Of course the major fallout from the loss of smart pointers is memory management. Making sure that the correct delete call is placed everywhere it is required is not an easy task and led to my destructors increasing in size from nothing to multiple lines. To counteract the repetition of for loops containing delete and erase instructions for vectors, I wrote a template deleting function which will work with any container that has an iterator:

template <typename T>
void deletePtrCntr(T& cntr) const
{
    for(typename T::iterator it = cntr.begin(); it != cntr.end();)
    {
        delete *it;
        it = cntr.erase(it);
    }
}

Next step was the auto keyword. Now I love the auto keyword, it makes writing iterators infinitely quicker (4 chars vs 25+) and easier and allows the user of std::pair in a much nicer way. However, with the loss of C++11 they were written out and replaced by their verbose C++03 counterparts. As part of this removal, range based for loops disappeared from the code as well, rewritten back to the same standard as every other for loop.

One thing that almost got forgotten in the change over was enum classes. I have two of these in Brick Buster: one for the states and one for the power ups. The reason I use them is to give them their own type (instead of returning an int from a function, I can return a State or a GamePowerUp) and to keep the namespace pollution down (instead of calling my enum members STATE_TITLE, I can call them through State::Title or GamePowerUp::BigBall), both brilliant additions in my opinion. However if these were to be removed it would mean renaming the members to make it more obvious, or so I thought until I had the brainwave to put them inside their own namespaces so that they can still be called through State::Title or GamePowerUp::Multiball. Of course any function that previously returned a State or GamePowerUp had to be changed to return an int, but this was a minor change that caused almost no nuisance.

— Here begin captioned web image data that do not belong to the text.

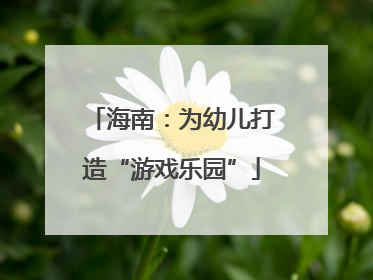 海南：为幼儿打造“游戏乐园”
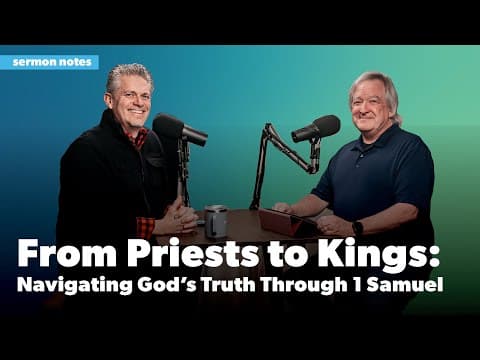 From Priests to Kings: Navigating God's Truth Through 1 Samuel
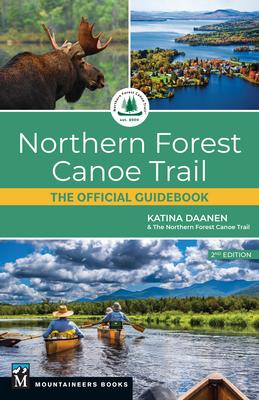 Northern Forest Canoe Trail: The Official Guidebook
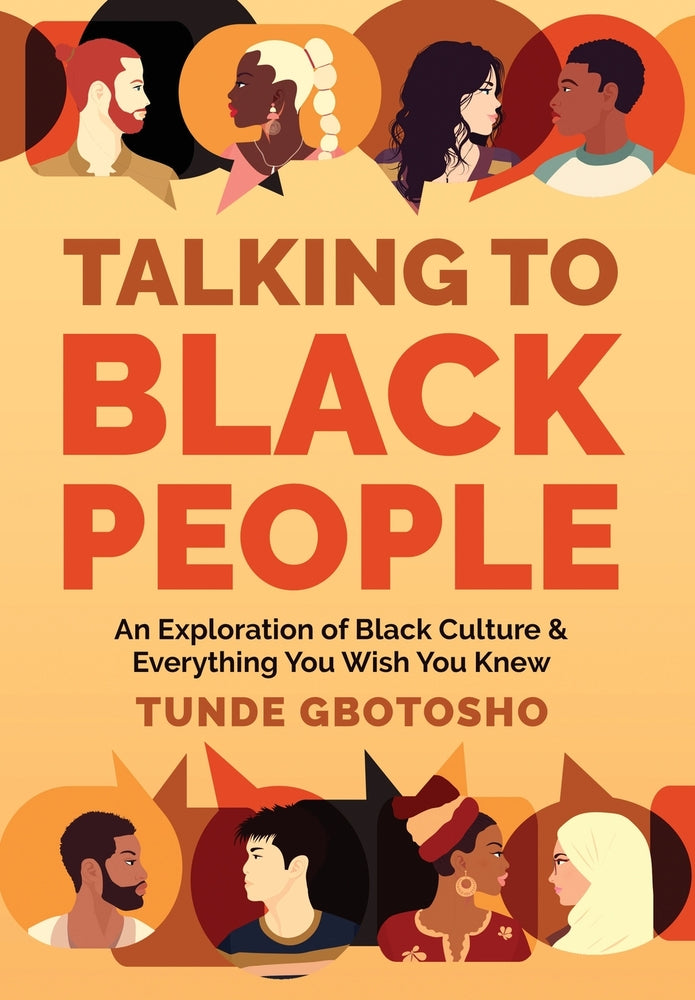 Book cover for Talking To Black People: An Exploration of Black Culture & Everything You Wish You Knew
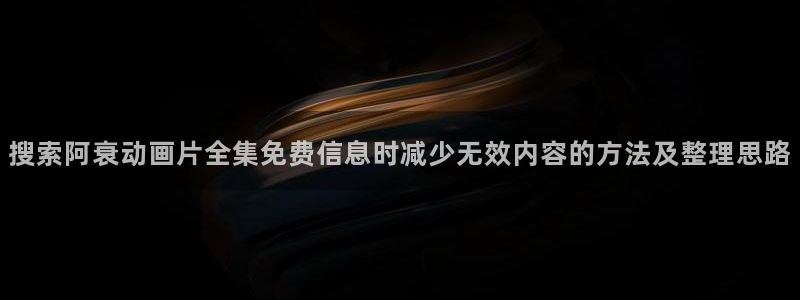 虫虫漫画免费观看:搜索阿衰动画片全集免费信息时减少无效内容的方法及整理思路配图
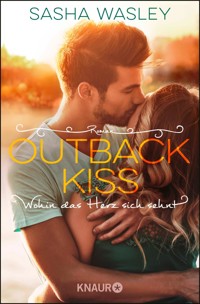 Outback Kiss. Wohin das Herz sich sehnt - Sasha Wasley - E-Book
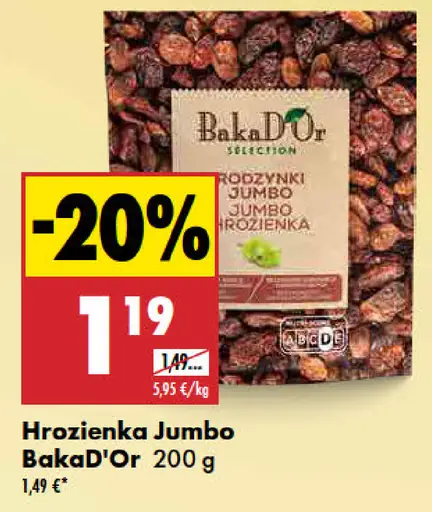 Baka D'Or Hrozienka Jumbo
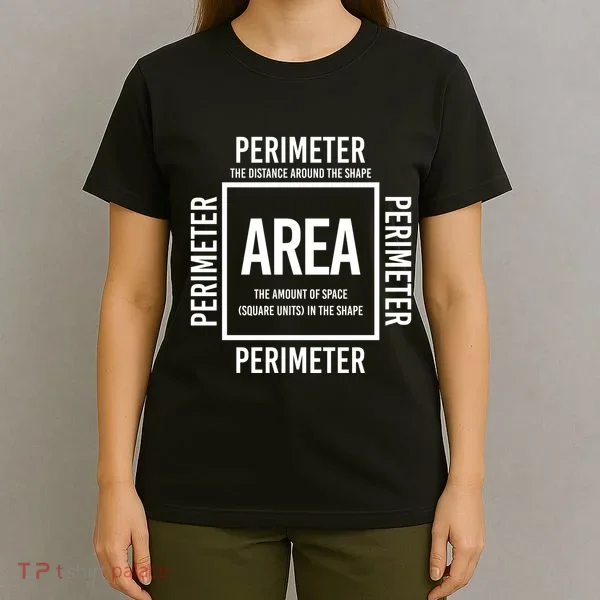 Area And Perimeter Math Teacher Mathematics Funny Math T-Shirt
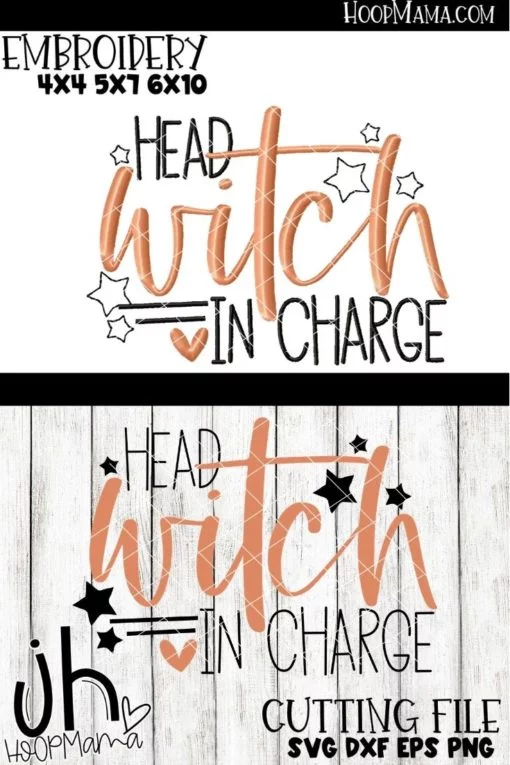 Head Witch In Charge - Embroidery and Cutting Options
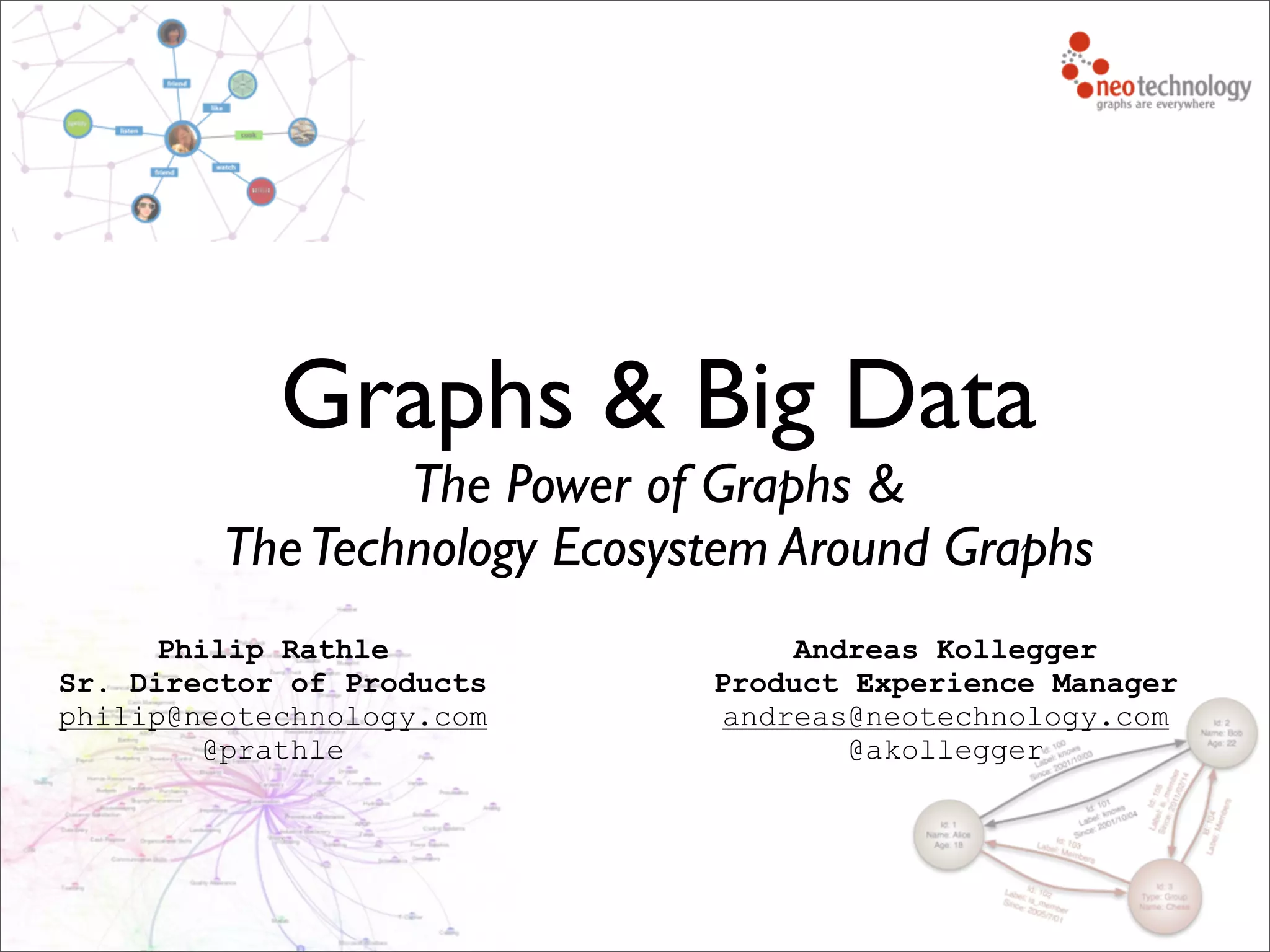 Graphs & Big Data
The Power of Graphs &
TheTechnology Ecosystem Around Graphs
Philip Rathle
Sr. Director of Products
philip@neotechnology.com
@prathle
Andreas Kollegger
Product Experience Manager
andreas@neotechnology.com
@akollegger
 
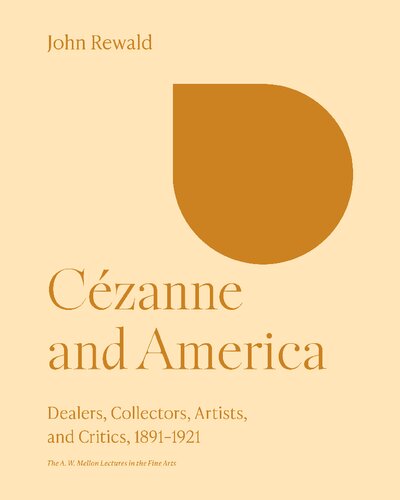 Cézanne and America: Dealers, Collectors, Artists, and Critics, 1891-1921 (The A. W. Mellon Lectures in the Fine Arts, 28)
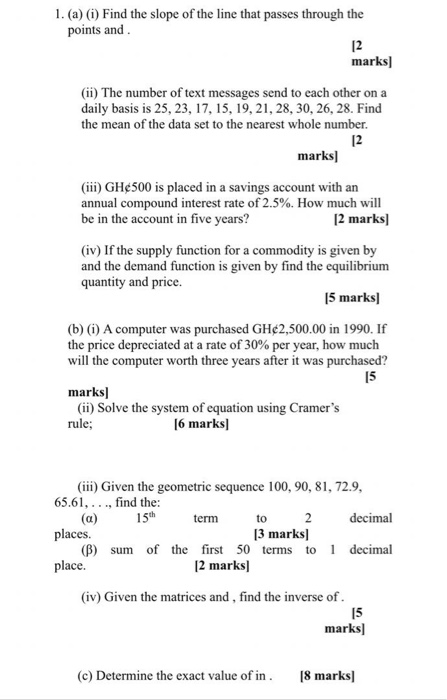 1. (a) (i) Find the slope of the line that passes through the points and 12 marks (ii) The number of text messages send to ea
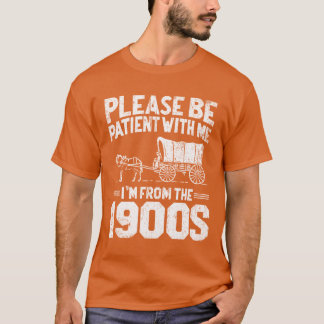 Wees geduldig Ik ben uit de jaren 1900 Grappig Ove T-shirt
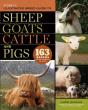Storey'S Illustrated Breed Guide To Sheep, Goats, Cattle And Pigs - Preview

Of course as with all code rewrites, improvements are made to the codebase and it now looks a lot more organised. I’ve changed (back) to references from pointers in my base GameState class on the basis that none of the classes should ever be NULL as they are constructed before any GameState is ever created. This makes things slightly easier, removing the need for pointer dereferencing and -> everywhere.

To make the code portable, I put the SDL files inside the project and pointed the linker at the relevant folders so that anyone can compile the game on their computer if they have VS. This has given me the incentive and knowledge to go an rewrite my other games for VS and hopefully they won’t take to long to complete either.